**PROBLEM TO WORK ON:** In your answer, print each of the records below exactly.

**DATASET RECORDS:**
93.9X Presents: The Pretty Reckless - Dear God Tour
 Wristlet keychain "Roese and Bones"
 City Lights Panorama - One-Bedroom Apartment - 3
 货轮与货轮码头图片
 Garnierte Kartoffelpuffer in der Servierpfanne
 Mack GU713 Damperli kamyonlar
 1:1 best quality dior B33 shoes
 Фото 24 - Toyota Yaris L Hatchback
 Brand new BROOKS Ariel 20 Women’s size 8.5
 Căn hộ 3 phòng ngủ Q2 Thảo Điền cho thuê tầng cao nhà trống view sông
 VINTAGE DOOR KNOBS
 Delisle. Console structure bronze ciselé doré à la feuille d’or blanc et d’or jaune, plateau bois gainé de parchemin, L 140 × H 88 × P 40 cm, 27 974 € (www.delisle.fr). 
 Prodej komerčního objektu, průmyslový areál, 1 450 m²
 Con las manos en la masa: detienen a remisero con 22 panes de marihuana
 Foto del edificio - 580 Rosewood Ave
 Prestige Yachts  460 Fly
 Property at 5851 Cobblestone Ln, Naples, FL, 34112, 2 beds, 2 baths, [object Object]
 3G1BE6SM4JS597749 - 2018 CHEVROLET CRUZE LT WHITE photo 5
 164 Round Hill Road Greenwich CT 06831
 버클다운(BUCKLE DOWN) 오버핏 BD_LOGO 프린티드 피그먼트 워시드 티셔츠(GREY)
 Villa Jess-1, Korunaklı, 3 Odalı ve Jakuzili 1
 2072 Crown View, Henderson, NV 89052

**ANSWER:**
93.9X Presents: The Pretty Reckless - Dear God Tour
 Wristlet keychain "Roese and Bones"
 City Lights Panorama - One-Bedroom Apartment - 3
 货轮与货轮码头图片
 Garnierte Kartoffelpuffer in der Servierpfanne
 Mack GU713 Damperli kamyonlar
 1:1 best quality dior B33 shoes
 Фото 24 - Toyota Yaris L Hatchback
 Brand new BROOKS Ariel 20 Women’s size 8.5
 Căn hộ 3 phòng ngủ Q2 Thảo Điền cho thuê tầng cao nhà trống view sông
 VINTAGE DOOR KNOBS
 Delisle. Console structure bronze ciselé doré à la feuille d’or blanc et d’or jaune, plateau bois gainé de parchemin, L 140 × H 88 × P 40 cm, 27 974 € (www.delisle.fr). 
 Prodej komerčního objektu, průmyslový areál, 1 450 m²
 Con las manos en la masa: detienen a remisero con 22 panes de marihuana
 Foto del edificio - 580 Rosewood Ave
 Prestige Yachts  460 Fly
 Property at 5851 Cobblestone Ln, Naples, FL, 34112, 2 beds, 2 baths, [object Object]
 3G1BE6SM4JS597749 - 2018 CHEVROLET CRUZE LT WHITE photo 5
 164 Round Hill Road Greenwich CT 06831
 버클다운(BUCKLE DOWN) 오버핏 BD_LOGO 프린티드 피그먼트 워시드 티셔츠(GREY)
 Villa Jess-1, Korunaklı, 3 Odalı ve Jakuzili 1
 2072 Crown View, Henderson, NV 89052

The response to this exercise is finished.